Keypoint Representation Research

  • Evolution from hand-crafted feature engineering to deep learning methods (CNNs)
  • Application of graph neural networks (GNNs) in action and gesture recognition
  • Successful application of Transformer architecture in computer vision

Technical Comparison

This paper adopts the approach of directly inputting keypoints to Transformer, distinguishing it from traditional graph neural network construction methods.

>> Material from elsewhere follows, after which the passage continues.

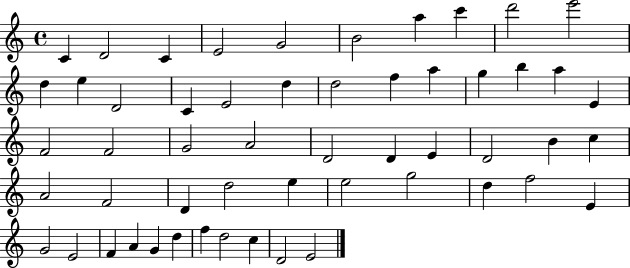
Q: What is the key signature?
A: C major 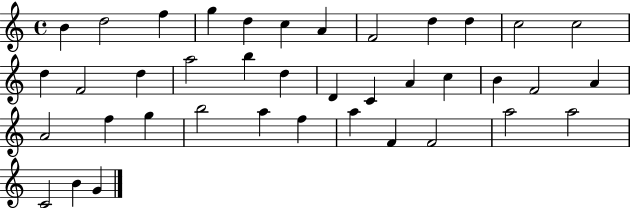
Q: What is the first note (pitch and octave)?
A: B4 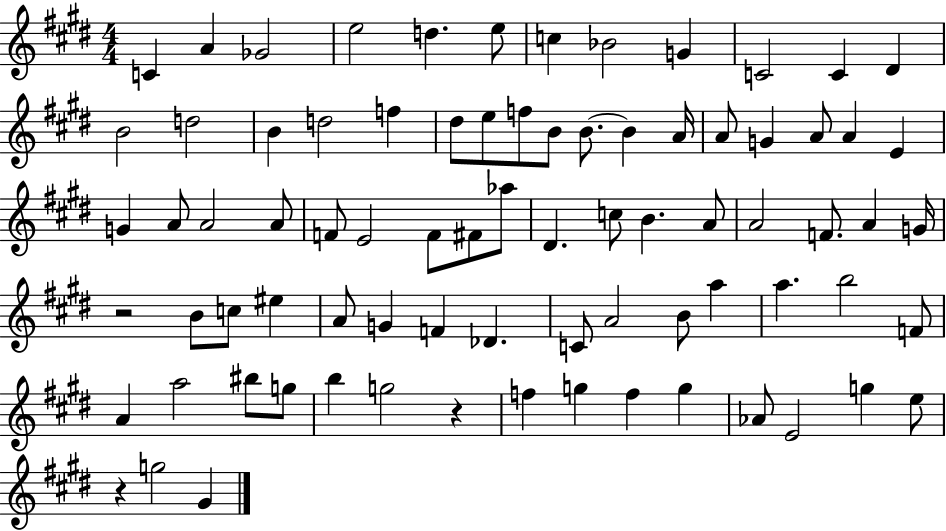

Conclusions and Discussion

Main Conclusions

  1. Keypoint-based methods demonstrate significant computational advantages in BSL recognition
  2. Transformer architecture effectively processes keypoint sequences
  3. Facial keypoints are critical for BSL recognition performance
  4. Appropriate data augmentation further improves model performance

Limitations

  1. Accuracy: 60% accuracy still has room for improvement
  2. Missing Comparisons: As the first keypoint-based method, lacks direct comparison baselines
  3. Dataset Limitations: Validated only on the BOBSL dataset
  4. Real-time Verification: Lacks actual real-time performance testing

Future Directions

  1. Multimodal Fusion: Combining keypoints and RGB images to improve accuracy
  2. 3D Pose Estimation: Exploring sequence-level 3D pose estimation techniques
  3. Skeleton Images: Attempting black-and-white skeleton image representations based on keypoints
  4. Larger-scale Validation: Validating the method on more sign language datasets

In-depth Evaluation

Strengths

  1. Strong Innovation: First application of pure keypoint-based methods to BSL recognition
  2. High Practical Value: Significantly reduces computational costs, suitable for resource-constrained environments
  3. Sound Methodology: Clear technical approach with complete implementation details
  4. Comprehensive Experiments: Includes comparative experiments with multiple configurations and augmentation strategies

Weaknesses

  1. Limited Performance: 60% accuracy is relatively low
  2. Lack of Comparisons: Cannot directly compare with other methods
  3. Insufficient Analysis: Lacks in-depth analysis of failure cases
  4. Unknown Generalization: Validated only on a single dataset

Impact

  1. Pioneering: Provides a new technical pathway for sign language recognition
  2. Practicality: Efficient methods facilitate real-world deployment
  3. Extensibility: Provides a solid foundation for subsequent research
  4. Social Value: Contributes to improving technological accessibility for the deaf community

Applicable Scenarios

  1. Resource-constrained Environments: Mobile devices, edge computing scenarios
  2. Real-time Applications: Interactive systems requiring rapid response
  3. Large-scale Deployment: Scenarios requiring processing large volumes of video data
  4. Research Prototypes: As a foundational component for more complex systems

References

The paper cites multiple important related works, including:

  • BOBSL dataset-related papers 3
  • MediaPipe keypoint extraction framework 13
  • Original Transformer architecture paper 18
  • Sign language recognition research 1,2,6
  • Application of graph neural networks in action recognition 21

Overall Assessment: This is a pioneering paper that applies keypoint-based methods to BSL recognition for the first time. While there is room for improvement in accuracy, its significant advantages in computational efficiency provide important practical value. This work provides a new research direction for the sign language recognition field, with particular significance in resource-constrained and real-time application scenarios.